Cataract is the second studio album by American alternative country band The Walkabouts released on March 1, 1989 through Sub Pop Records.

Track listing
All tracks written by The Walkabouts.

 "Whiskey xxx" – 2:56
 "Hell's Soup Kitchen" – 3:24
 "Whereabouts Unknown" – 3:01
 "End-In-Tow" – 3:23
 "Bones of Contention" – 4:38
 "Home as Found" – 2:38
 "Smokestack" – 3:04
 "The Wicked Skipper" – 1:38
 "Drille Terriers" – 2:24
 "Specimen Days" – 3:44
 "Long Black Veil" – 5:01
 "Goodbye (to all That)" – 3:05

Release history

Personnel 

 Michael Wells – bass, harmonica
 Carla Torgerson – vocals, guitar, keyboard, cello, percussion
 Grant Eckman – drums, percussion
 Chris Eckman – vocals, guitars, mountain dulcimer, tapes

 Additional musicians

 Jonathan Siegel – violin on "Whereabouts Unknown"
 Terry Lee Hale – slide guitar on "Home as Found"
 Carl Miller – trombone on "Smokestack"
 Liv Torgerson – backup vocals on "Drille Terriers"

 Technical personnel

 Ed Brooks – production, engineering
 Tony Kroes – production, engineering
 The Walkabouts – production

 Additional personnel

 William Forsythe – cover photo "Eddy and Dashdown", September 23, 1933
 Ben Thompson – cover design

Critical reception

Harold DeMuir wrote for "Trouser Press Record Guide, 4th Ed." that "The full-length 'Cataract' resonates with rueful Americana on such tracks as 'Whiskey XXX', "Hell's Soup Kitchen" and 'Long Black Veil' (not the traditional song), marking The Walkabouts as a distinctive band with loads of potential.".

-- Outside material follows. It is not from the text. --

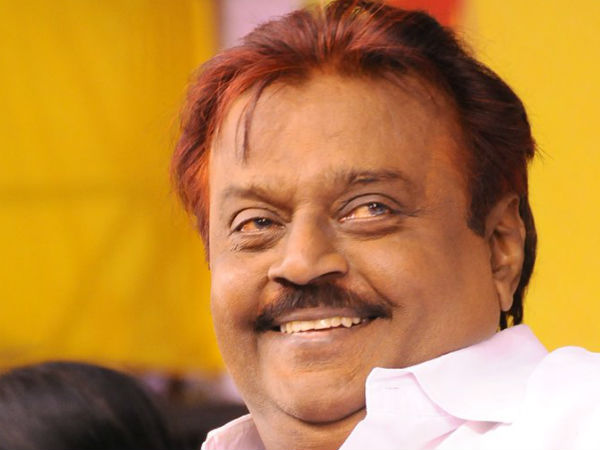இந்தப் புன்னகை என்ன விலை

In The Walkabouts entry of "The Trouser Press Guide to 90's Rock: The All-New Fifth Edition of The Trouser Press Record Guide" Scott Schinder wrote 
"Cataract and the six-song Rag & Bone (combined as Rag & Bone Plus Cataract, a single CD bearing the EP's original artwork) are more distinctive, mining a richly shadowy strain of Americana.".

In a review for the Backlash magazine Ransom Edison wrote "... Compared to The Walkabouts' debut album, last year's 'See Beautiful Rattlesnake Gardens,' 'Cataract' is a more refined and consistent effort, pushing the folk influence even further yet exploring a greater variety of musical approaches. ...".